— Но ведь и рабовладелец, и феодал, и какой-нибудь там азиатский сатрап, — возражал я, находясь в плену описанных выше представлений, — они ведь тоже…
— Ах, вы ничего не понимаете! — начинал горячиться мой собеседник. — Ну, хорошо! Возьмем рабовладельческий строй — самый отвратительный, самый бесчеловечный. На рынке рабов может возникнуть ситуация, при которой рабы будут так дешевы, что рабовладельцу выгоднее будет купить новых, чем более или менее сносно кормить тех, которые работают, положим, на его виноградниках. Черт с ними, думает он, пусть дохнут. Куплю других. Казалось бы, что может быть ужаснее?
— Почему «казалось бы»? Это действительно ужасно, — говорил я.
— Да, ужасно… Но можете ли вы представить себе ситуацию, при которой тому же рабовладельцу было бы при этом совершенно все равно, соберет ли он к осени свой урожай или не соберет?
— Нет, — подумав, сказал я. — Такого я себе представить не могу.

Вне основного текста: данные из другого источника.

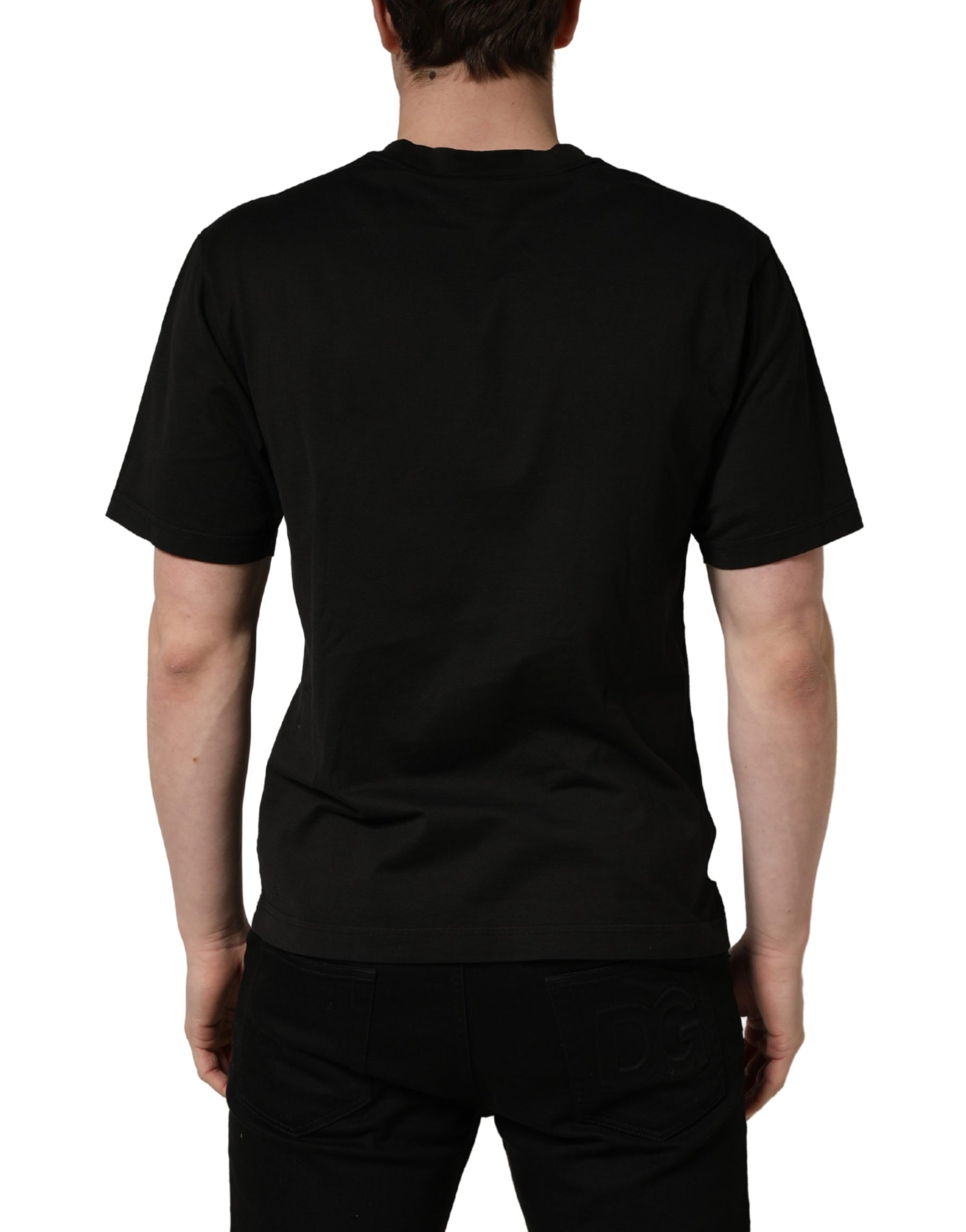 Dolce & Gabbana Black Cotton Short Sleeves Crew Neck  T-shirt | Regal Royce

— А чтобы помещику было наплевать, взойдет ли то, что его мужики посеяли, или померзнет к чертовой матери? Такое вы можете себе представить?
— Нет, — сказал я. — Тоже не могу.
— Вот! А нашему председателю колхоза позвонят из райкома и прикажут сеять, даже если точно будет известно, что сеять рано, что весь будущий урожай померзнет на корню. Прикажут, потому что им сверху такой план спустили. Или прикажут сажать кукурузу, которая в его широтах никогда не росла и расти не будет. И он, как миленький, будет ее сажать. Потому что его благополучие не зависит от того, соберет или не соберет он урожай. Оно целиком и полностью зависит только от того, что в райкоме поставят галочку: план по посевной выполнен. Вот это и есть глистократия, — заключил он свою маленькую лекцию.

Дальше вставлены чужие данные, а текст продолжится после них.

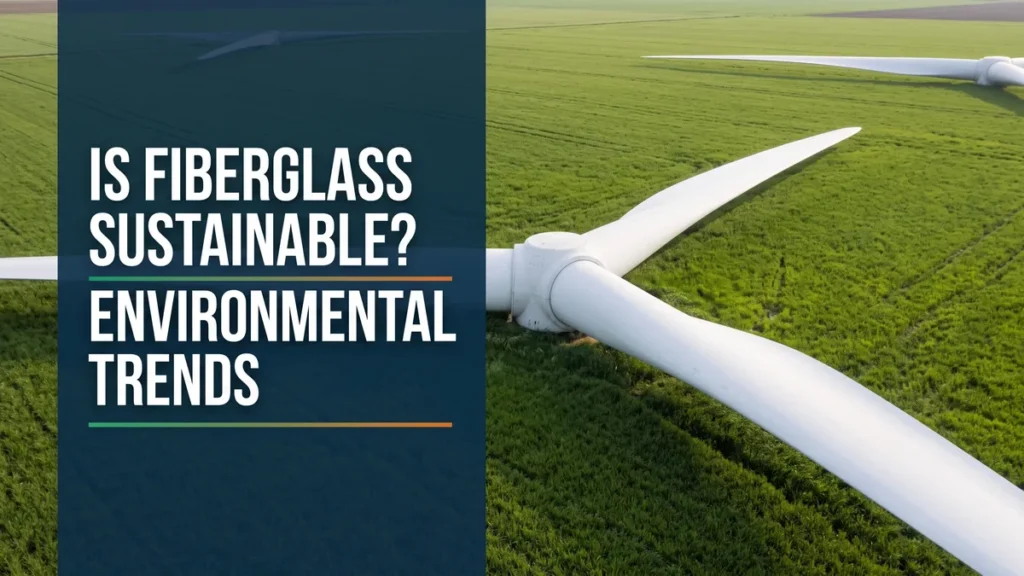 Wind turbine blades in a field for a guide on fiberglass sustainability and environmental trends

Переведя этот темпераментный монолог автора «теории глистократии» на язык точных политико-экономических дефиниций, мы получим примерно такую формулу:
Глистократия — это такое общественное устройство, которое характеризуется тотальной незаинтересованностью всех членов общества в конечных результатах своего труда.
Именно всех — сверху донизу.
Советскому человеку, находившемуся на самой низшей ступени социальной лестницы, было свойственно то же иждивенческое сознание, что и высшим представителям номенклатуры. Сознание это, в точном соответствии с великим учением, определялось бытием. Ведь каждый здесь (как в лагере) получал свою миску баланды из государственной кормушки. И самым страшным для него было — оказаться отлученным от этой кормушки. (Для входивших в номенклатуру — от «кремлевки».)
Прикрепленность рядового советского человека к его кормушке тоже не зависела от реальных результатов его труда. Но в применении к номенклатуре этот закон действовал в наиболее откровенной форме. На первом этапе ее существования все решал партстаж. Потом главную роль стала играть степень активности в разоблачении уклонистов и прочих врагов, умение колебаться вместе с линией партии.
Чем выше поднимался человек по социальной лестнице, тем больше он дорожил этой своей прикрепленностью к кормушке. (К «корыту», как они сами цинично это называли.) Это можно понять: быть отлученным от «кремлевки» гораздо обиднее, чем лишиться рядового «комплексного обеда».
Но как она возникла, эта самая «кремлевка»? И когда? Сразу? Или на более позднем этапе развития этого уникального общественного устройства?
На этот вопрос исчерпывающе ответил мне однажды все тот же автор «теории глистократии». Вышло так, что ему случилось присутствовать при самом ее зарождении.
Он был родом из Румынии. Точнее — из Бессарабии. В 1940 году, когда Бессарабия вошла в состав Советского Союза, ему было немногим более двадцати. Но он в это время был уже довольно опытным большевиком-подпольщиком. Услыхав, что его родина вот-вот станет советской, он рванул из Бухареста в Кишинев, чтобы стать гражданином Международного Отечества Трудящихся, которое издали боготворил. Но, окунувшись в советскую жизнь, испытал горькое разочарование. (В этом, конечно, ему помогли наши славные органы.) А вскоре стала складываться у него вот эта самая теория глистократии.
Не знаю, сколько понадобилось ему времени, чтобы теория эта приняла окончательную, отточенную форму, но в сорок пятом году, когда вместе с Красной армией он снова оказался в городе своей юности — Бухаресте, основы этой теории были ему уже более или менее ясны.